Let $\mathcal{J}$ be the set of integers j such that ${\mathcal{M}}_j\ne \varnothing$ and let $m_j$ be the minimum of ${\mathcal{M}}_j$ for $j\in \mathcal{J}$. We then set

$${\mathcal{M}}^{\prime }:=\{m_j:j\in \mathcal{J}\}$$

and

$$r(m_j):=\sqrt{{\sum }_{m\in {\mathcal{M}}_j}1}=\sqrt{|{\mathcal{M}}_j|}$$

for every $m_j$ in ${\mathcal{M}}^{\prime }$. Then the resonator $R(t)$ is defined as follows:

$$R(t):=\sum _{m\in {\mathcal{M}}^{\prime }}\frac{r(m)}{m^{it}}.$$ (20)

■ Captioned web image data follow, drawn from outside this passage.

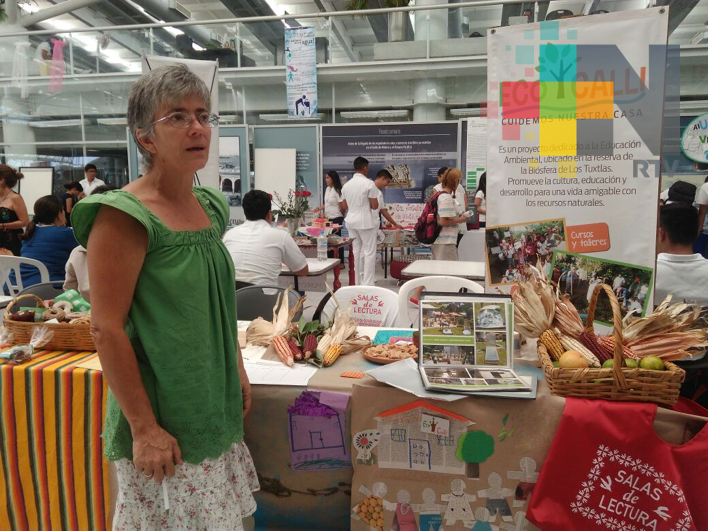 Empresa mexicana trabaja en la conservación de la semilla ancestral del maíz criollo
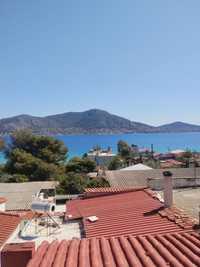 Продаж будинку га березі моря Греція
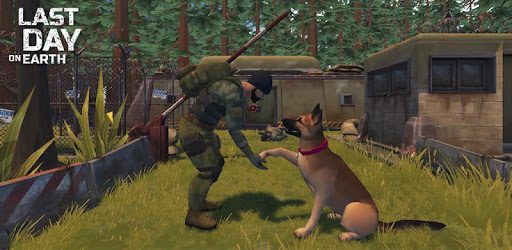 Last Day on Earth: Survival Mod APK 1.34.1 (Menu Mod)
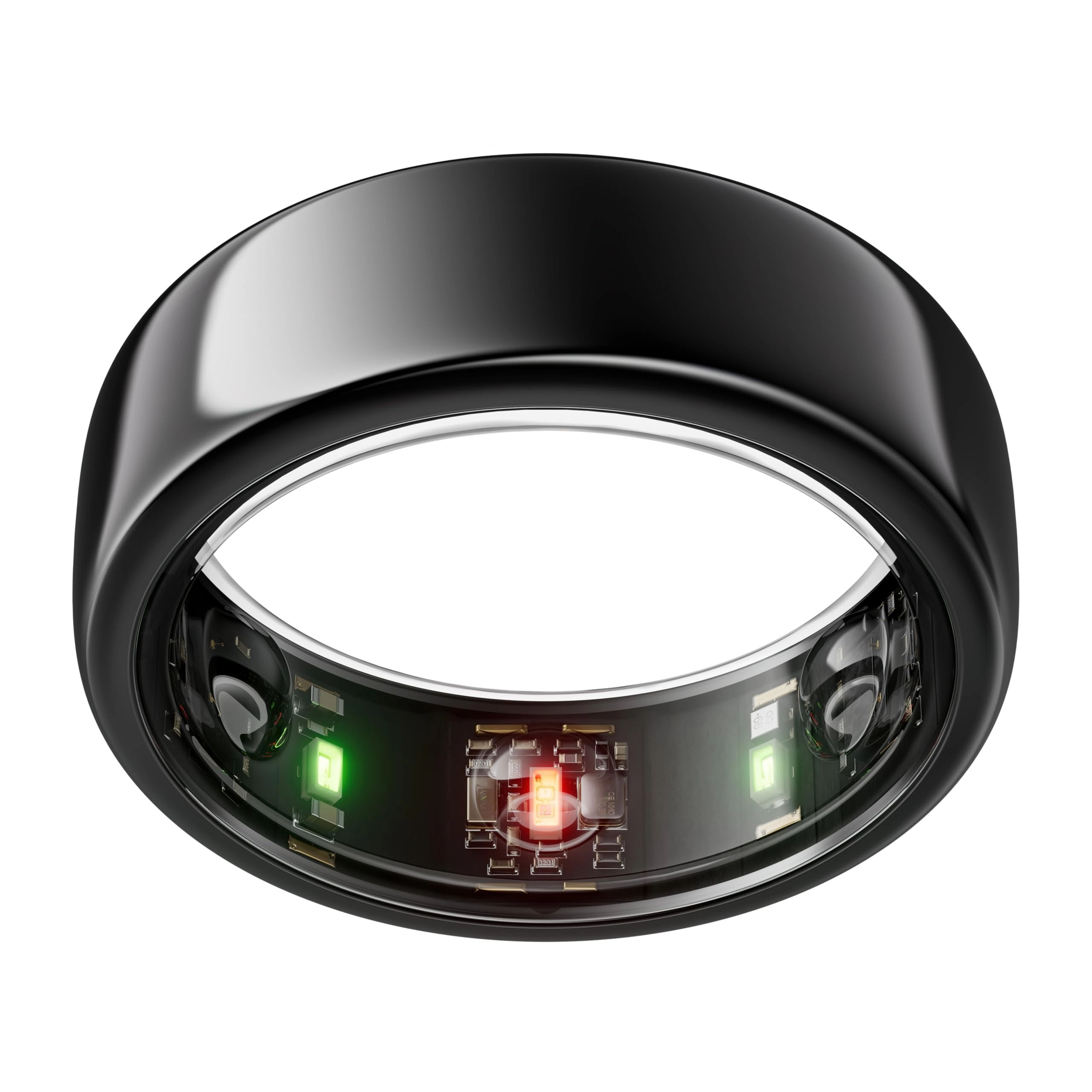 OURA Gen3 Horizon - Size 6 Black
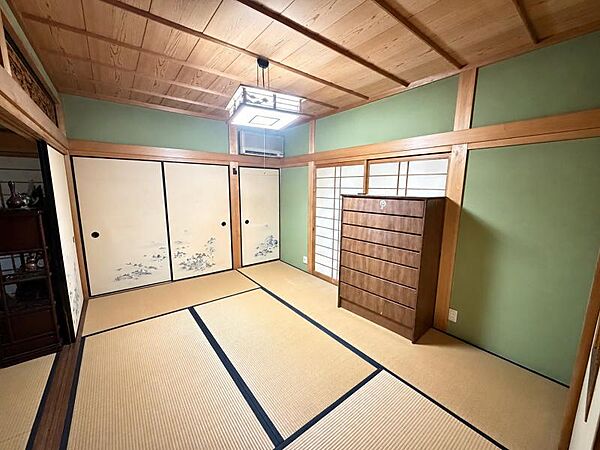 室内
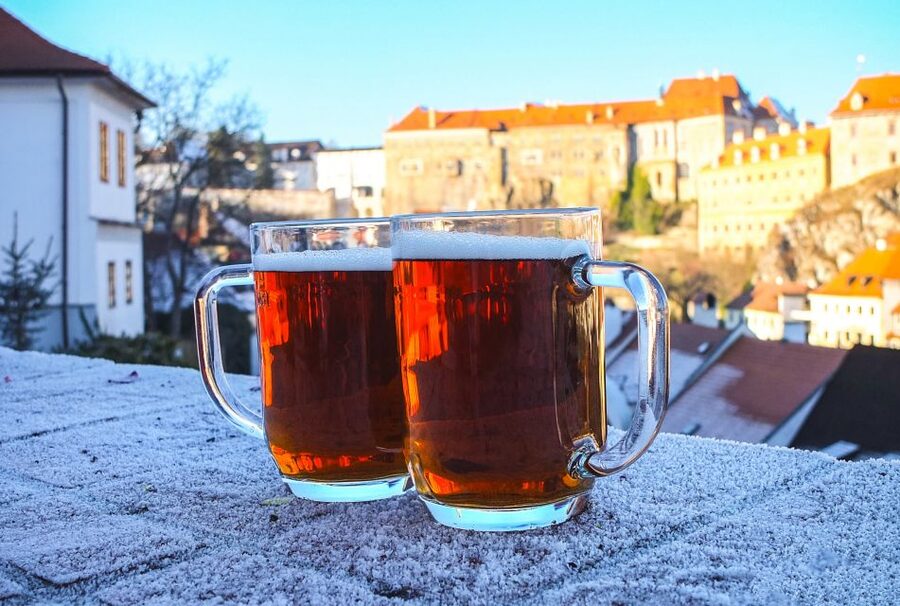 Prague: 3-Hour Beer Tour and Traditional Czech Dinner - Pub Stop 1, Stop 2, Stop 3: How Czech Beer Tastes Better With Context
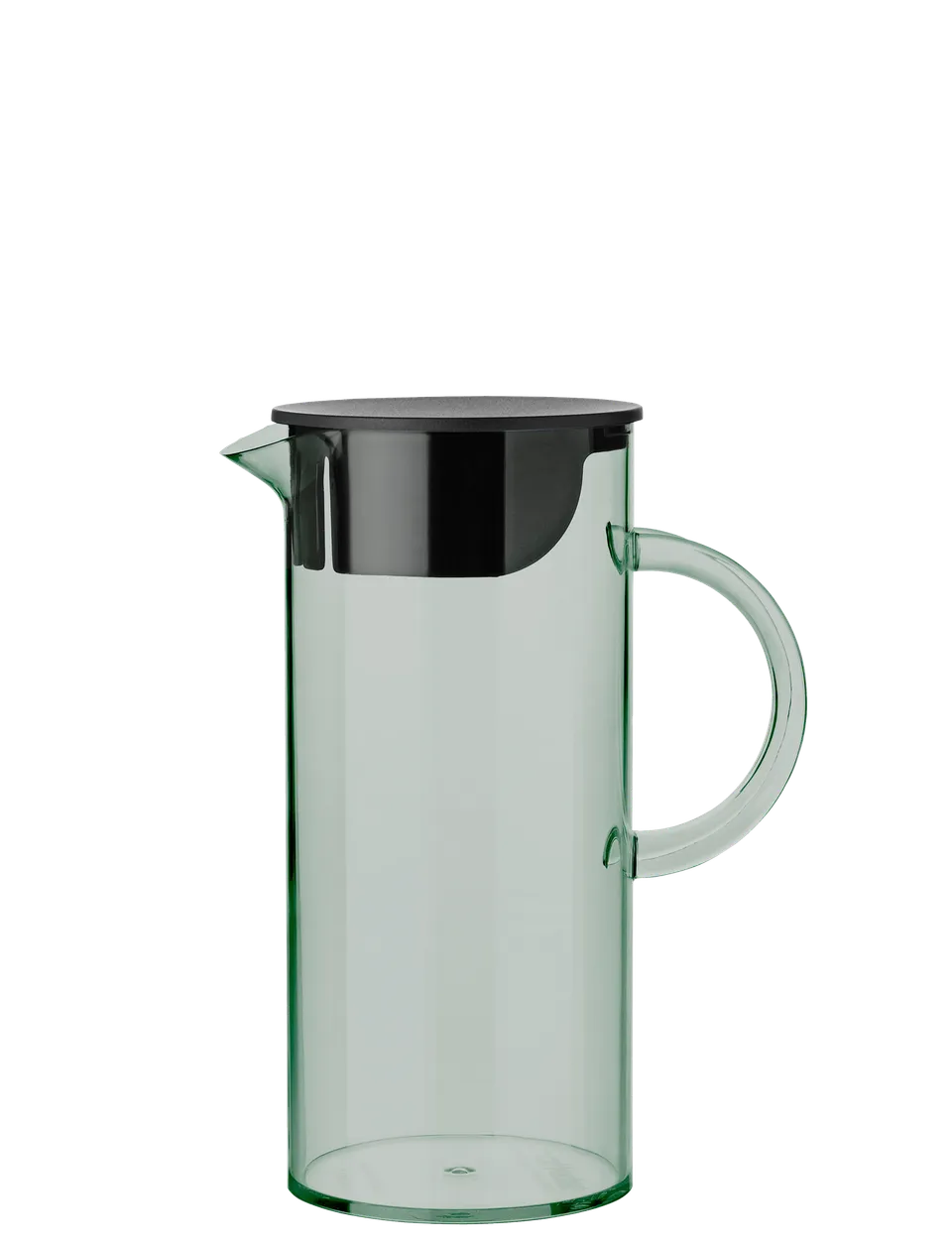 Stelton EM77 carafe avec couvercle 1,5 L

By Cauchy's inequality, one has the following trivial estimates [11]:

$$R{(0)}^2⩽N\sum _{m\in {\mathcal{M}}^{\prime }}r{(m)}^2⩽N|\mathcal{M}|⩽N^2.$$

As in [7] , set $\mathrm{\Phi }(t):=e^{-t^2/2}$. Its Fourier transform satisfies $\widehat{\mathrm{\Phi }}(\xi )=\sqrt{2\pi }\mathrm{\Phi }(\xi )$.

Replacing T by $T/\log T$ in [8, Lemma 5], gives that

$${\int }_{-\infty }^{\infty }{|R(t)|}^2\mathrm{\Phi }\left(\frac{t\log T}{T}\right)dt\ll \frac{T|\mathcal{M}|}{\log T}.$$ (21)

5.2. The proof

Let $\sigma \in [\frac{1}{2},1)$. Choose $\kappa \in (0,1-\beta )$ and set $N:=[T^{\kappa }]$. Fix $\epsilon >0$ such that $\kappa +4\epsilon <1$.

As in [8], choose

$$K(t):=\frac{{\sin }^2((\epsilon \log T)t)}{(\epsilon \log T)t^2},$$

which has Fourier transform

$$\widehat{K}(\xi )=\pi \max \left(\left(1-\frac{|\xi |}{2\epsilon \log T}\right),0\right).$$ (22)

Define

$$\begin{array}{cc}\hfill {\mathcal{Z}}_{\sigma }(t,y)& :={\mathbb{F}}_{\ell }(\sigma +it+iy){\mathbb{F}}_{\ell }(\sigma -it+iy)K(y),\hfill \\ \hfill I(T)& :={\int }_{|t|⩾2}{|R(t)|}^2\mathrm{\Phi }\left(\frac{t\log T}{T}\right){\int }_{-\infty }^{\infty }{\mathcal{Z}}_{\sigma }(t,y)dydt.\hfill \end{array}$$

Following [8] and [11], we will show that the integral on $2T^{\beta }⩽|t|⩽\frac{T}{2}$ and $|y|⩽\frac{|t|}{2}$ gives the main term for $I(T)$. We will frequently use the following trivial estimates (Lemma 2):

$$|{\mathbb{F}}_{\ell }(\sigma \pm it+iy)|\ll 1+|{\zeta }^{(\ell )}{(\sigma \pm it+iy)|\ll (1+|t|+|y|)}^{\frac{3}{10}}.$$ (23)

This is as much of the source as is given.